# Is it correct to say a state-space model has the Markov property?

in control theory, there exists a mathematical model of a control loop, called the state-space model. It allows for the computation of a state vector $$x$$ at discrete time $$k$$. For the computation, it requires knowledge of the previous state vector at $$k-1$$ only.

So, I wonder: Is it correct to say the state-space model has the Markov property? Markov property is also called memoryless property, but it is defined in the context of probability distributions. So I am not sure if my statement is valid.

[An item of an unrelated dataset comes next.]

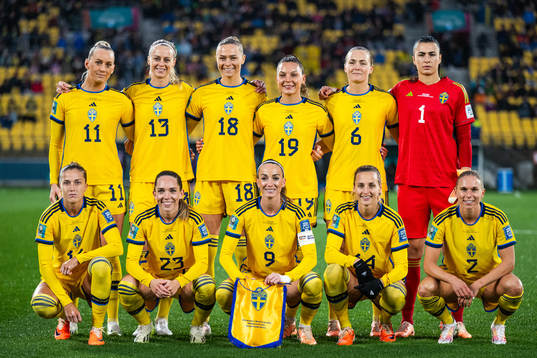 The starting eleven of Sweden pose for a picture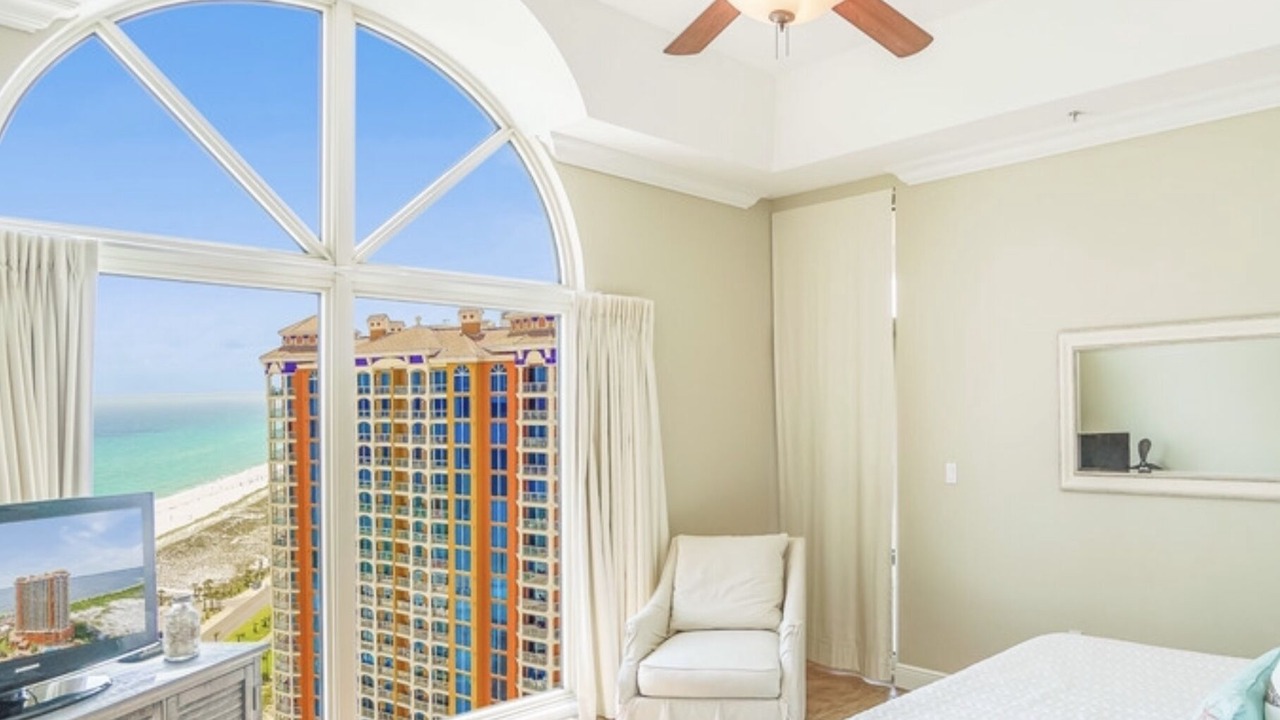 Photo of Bedroom in Pensacola Beach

• Well, you can say almost everything if you properly explain what you mean. :) But if you ask if this is a common saying in the control community, then I would rather say "no". You can speak about Markov jump systems, no problem, but typically we do not say "Markov property" for an arbitrary system. Jun 7, 2019 at 11:58
• thx, Arastas! So you say "Markov property" is not commonly said within this context. Is "memoryless property" used? Or neither? I mean, isn't this one of the crucial properties of a state-space model?
– Luk
Jun 8, 2019 at 6:00
• I can only say that I did not ever see someone using any special term to describe this property. Jun 8, 2019 at 20:40

Markov property is related to the probabilistic model of the state-space equations. $$\begin{array}{l} {{\bf{x}}_k} = {{\bf{f}}_{k - 1}}({{\bf{x}}_{k - 1}},{{\bf{u}}_k}) + {{\bf{v}}_k} \Leftrightarrow p({{\bf{x}}_k}|{{\bf{x}}_{k - 1}},{{\bf{u}}_k})\\ {{\bf{y}}_k} = {{\bf{h}}_k}({{\bf{x}}_k},{{\bf{u}}_k}) + {{\bf{w}}_k} \Leftrightarrow p({{\bf{y}}_k}|{{\bf{x}}_k},{{\bf{u}}_k}) \end{array}$$ where $$\bf{v}_k$$ , $$\bf{w}_k$$ are process and measurement noise, respectively. This state–space representation which incorporate random inputs or noise sources along with random initial conditions, is called Gauss–Markov model.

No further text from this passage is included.